Nethys: la tutelle juge les indemnités illégales mais ne peut pas tout annuler

Le ministre wallon des Pouvoirs locaux, Pierre-Yves Dermagne (PS), vient de signer un arrêté annulant une série de décisions prises en mai 2019 par le comité de rémunération de Nethys, liées au paiement de généreuses indemnités. Pour rappel, quatre membres du management (dont trois ont été licenciés) ont empoché un pactole contesté s’élevant à plus de 18 millions d’euros, comme Le Soir le révélait il y a quelques semaines.

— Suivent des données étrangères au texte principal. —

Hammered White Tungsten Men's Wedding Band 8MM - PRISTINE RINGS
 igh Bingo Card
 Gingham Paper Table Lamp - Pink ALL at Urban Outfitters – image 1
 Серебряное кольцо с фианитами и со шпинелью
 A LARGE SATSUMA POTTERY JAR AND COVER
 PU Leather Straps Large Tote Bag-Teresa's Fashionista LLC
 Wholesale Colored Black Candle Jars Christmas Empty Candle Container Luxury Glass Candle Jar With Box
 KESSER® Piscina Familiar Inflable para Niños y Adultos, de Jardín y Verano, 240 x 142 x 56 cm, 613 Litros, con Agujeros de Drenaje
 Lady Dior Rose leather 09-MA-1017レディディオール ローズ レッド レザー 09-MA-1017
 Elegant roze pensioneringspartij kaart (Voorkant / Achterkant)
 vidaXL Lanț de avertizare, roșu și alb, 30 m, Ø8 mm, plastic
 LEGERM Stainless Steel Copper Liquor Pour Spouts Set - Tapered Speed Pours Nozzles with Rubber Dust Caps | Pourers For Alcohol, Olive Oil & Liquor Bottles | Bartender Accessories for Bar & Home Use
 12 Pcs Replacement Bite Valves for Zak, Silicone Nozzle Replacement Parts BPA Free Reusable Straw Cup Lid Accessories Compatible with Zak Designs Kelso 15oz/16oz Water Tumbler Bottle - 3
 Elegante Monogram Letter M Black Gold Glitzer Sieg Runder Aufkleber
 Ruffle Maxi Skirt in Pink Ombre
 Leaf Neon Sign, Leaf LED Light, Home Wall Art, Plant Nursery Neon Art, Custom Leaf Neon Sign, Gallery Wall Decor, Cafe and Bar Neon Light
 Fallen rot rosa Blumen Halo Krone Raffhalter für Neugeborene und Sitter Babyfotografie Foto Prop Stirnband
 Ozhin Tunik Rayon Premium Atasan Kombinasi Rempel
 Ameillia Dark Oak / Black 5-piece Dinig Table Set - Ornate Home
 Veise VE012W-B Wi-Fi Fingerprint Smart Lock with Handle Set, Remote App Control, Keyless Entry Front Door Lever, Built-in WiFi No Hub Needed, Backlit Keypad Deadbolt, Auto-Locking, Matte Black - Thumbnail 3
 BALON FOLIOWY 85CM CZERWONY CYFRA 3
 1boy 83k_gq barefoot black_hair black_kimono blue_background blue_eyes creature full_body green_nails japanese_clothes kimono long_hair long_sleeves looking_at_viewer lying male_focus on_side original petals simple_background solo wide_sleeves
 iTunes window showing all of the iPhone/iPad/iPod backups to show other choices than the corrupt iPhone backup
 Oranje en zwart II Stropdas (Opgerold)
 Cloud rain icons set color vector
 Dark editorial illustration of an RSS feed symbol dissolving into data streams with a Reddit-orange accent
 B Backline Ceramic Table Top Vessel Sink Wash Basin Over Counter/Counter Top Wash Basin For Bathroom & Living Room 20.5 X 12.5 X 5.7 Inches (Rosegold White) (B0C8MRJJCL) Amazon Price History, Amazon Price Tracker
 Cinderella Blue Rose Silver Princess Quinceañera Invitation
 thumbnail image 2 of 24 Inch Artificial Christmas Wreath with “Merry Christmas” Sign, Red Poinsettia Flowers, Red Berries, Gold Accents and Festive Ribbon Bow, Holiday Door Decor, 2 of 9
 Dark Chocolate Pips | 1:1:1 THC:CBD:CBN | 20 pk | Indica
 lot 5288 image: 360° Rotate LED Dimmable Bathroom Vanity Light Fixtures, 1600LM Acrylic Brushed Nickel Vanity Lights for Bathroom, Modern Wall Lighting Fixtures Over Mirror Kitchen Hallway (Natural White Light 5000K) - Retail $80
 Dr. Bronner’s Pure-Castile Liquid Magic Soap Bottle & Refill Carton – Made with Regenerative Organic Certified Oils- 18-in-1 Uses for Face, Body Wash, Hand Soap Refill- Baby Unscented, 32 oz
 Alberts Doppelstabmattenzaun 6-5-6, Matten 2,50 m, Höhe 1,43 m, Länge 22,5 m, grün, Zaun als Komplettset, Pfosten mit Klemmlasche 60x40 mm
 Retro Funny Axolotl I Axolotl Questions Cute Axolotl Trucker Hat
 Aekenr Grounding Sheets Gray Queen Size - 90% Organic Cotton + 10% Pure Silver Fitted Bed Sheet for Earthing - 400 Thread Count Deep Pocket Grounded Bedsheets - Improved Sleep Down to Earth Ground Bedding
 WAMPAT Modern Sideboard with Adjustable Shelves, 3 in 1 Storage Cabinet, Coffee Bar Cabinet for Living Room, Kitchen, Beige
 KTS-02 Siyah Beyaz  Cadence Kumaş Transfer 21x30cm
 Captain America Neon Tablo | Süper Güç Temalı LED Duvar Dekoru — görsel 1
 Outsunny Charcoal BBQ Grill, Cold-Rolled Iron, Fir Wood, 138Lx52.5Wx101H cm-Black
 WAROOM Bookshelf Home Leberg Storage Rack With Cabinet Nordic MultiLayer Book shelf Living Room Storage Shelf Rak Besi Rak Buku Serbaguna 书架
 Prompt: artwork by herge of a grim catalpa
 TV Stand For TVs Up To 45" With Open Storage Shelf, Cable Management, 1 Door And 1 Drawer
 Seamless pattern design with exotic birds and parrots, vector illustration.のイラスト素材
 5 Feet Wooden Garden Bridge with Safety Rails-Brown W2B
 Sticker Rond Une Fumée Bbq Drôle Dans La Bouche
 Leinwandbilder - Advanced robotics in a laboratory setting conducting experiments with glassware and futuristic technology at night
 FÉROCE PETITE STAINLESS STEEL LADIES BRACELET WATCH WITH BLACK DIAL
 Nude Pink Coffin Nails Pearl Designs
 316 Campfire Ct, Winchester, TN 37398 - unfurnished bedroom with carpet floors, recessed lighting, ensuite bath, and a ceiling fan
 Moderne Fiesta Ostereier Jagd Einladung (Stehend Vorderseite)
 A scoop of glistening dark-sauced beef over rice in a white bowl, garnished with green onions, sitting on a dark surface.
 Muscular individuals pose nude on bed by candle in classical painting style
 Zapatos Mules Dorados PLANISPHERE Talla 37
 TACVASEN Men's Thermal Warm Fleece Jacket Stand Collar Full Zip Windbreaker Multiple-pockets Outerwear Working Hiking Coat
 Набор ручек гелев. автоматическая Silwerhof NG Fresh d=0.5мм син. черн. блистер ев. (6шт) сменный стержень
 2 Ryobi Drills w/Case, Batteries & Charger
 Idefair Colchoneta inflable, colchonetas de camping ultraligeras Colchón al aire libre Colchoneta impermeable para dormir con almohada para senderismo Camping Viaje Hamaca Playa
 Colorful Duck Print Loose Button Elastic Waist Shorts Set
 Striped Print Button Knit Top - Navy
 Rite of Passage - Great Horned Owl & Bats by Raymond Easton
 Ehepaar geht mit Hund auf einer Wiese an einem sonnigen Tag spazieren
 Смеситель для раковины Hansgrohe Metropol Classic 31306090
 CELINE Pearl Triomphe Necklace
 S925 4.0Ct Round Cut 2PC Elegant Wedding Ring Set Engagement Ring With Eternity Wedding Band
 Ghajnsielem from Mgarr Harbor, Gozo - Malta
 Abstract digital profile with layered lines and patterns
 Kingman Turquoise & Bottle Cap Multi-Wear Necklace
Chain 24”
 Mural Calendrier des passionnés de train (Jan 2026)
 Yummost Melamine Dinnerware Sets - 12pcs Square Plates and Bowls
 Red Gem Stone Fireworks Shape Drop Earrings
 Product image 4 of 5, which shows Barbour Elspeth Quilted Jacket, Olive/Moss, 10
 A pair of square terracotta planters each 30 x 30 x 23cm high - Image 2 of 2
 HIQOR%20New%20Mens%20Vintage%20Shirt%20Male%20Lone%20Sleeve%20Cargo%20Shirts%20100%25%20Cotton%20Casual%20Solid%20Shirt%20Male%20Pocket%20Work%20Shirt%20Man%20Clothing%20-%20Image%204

La liste des choses que le ministre Dermagne reproche aux anciens administrateurs de Nethys est longue. Dès le 22 mai 2018, le comité de nomination et rémunération (CNR) a imaginé une solution permettant d’indemniser les managers en contrepartie de la réduction de salaire qu’ils allaient subir, suite à l’entrée en vigueur du décret gouvernance. Nethys voulait, à l’époque, absolument garder ses dirigeants, pour accompagner la société dans la phase de transition qu’elle traversait, qualifiée de cruciale. Des « indemnités de rétention » ont donc été approuvées, moyennant l’engagement des managers de rester au moins deux ans dans la société. Des primes que Pierre-Yves Dermagne juge aujourd’hui illégales.

A deux jours près

La démonstration du ministre se fait en deux temps. D’abord, il explique pourquoi, selon son administration, les décisions prises par le CNR du 22 mai 2018 sont irrégulières. La tutelle parle, dans son arrêté, d’une « construction artificielle » dont Nethys ne pouvait « ignorer l’illégalité ». Et qui avait pour objet délibéré de contourner le plafonnement des salaires à 245.000 euros brut (à indexer). « L’indemnité globale qu’il a été décidé d’octroyer aux managers n’est rien d’autre qu’un complément de rémunération déguisé pour échapper au plafond de rémunération », dénonce encore la tutelle. Autre irrégularité soulignée par Pierre-Yves Dermagne : le conseil d’administration de Nethys « n’a jamais approuvé, dans leur principe, les décisions du Comité de nomination et de rémunération du 22 mai 2018 », alors que le trio du CNR Fornieri-Meyers-Tison avait « expressément souhaité une telle approbation ».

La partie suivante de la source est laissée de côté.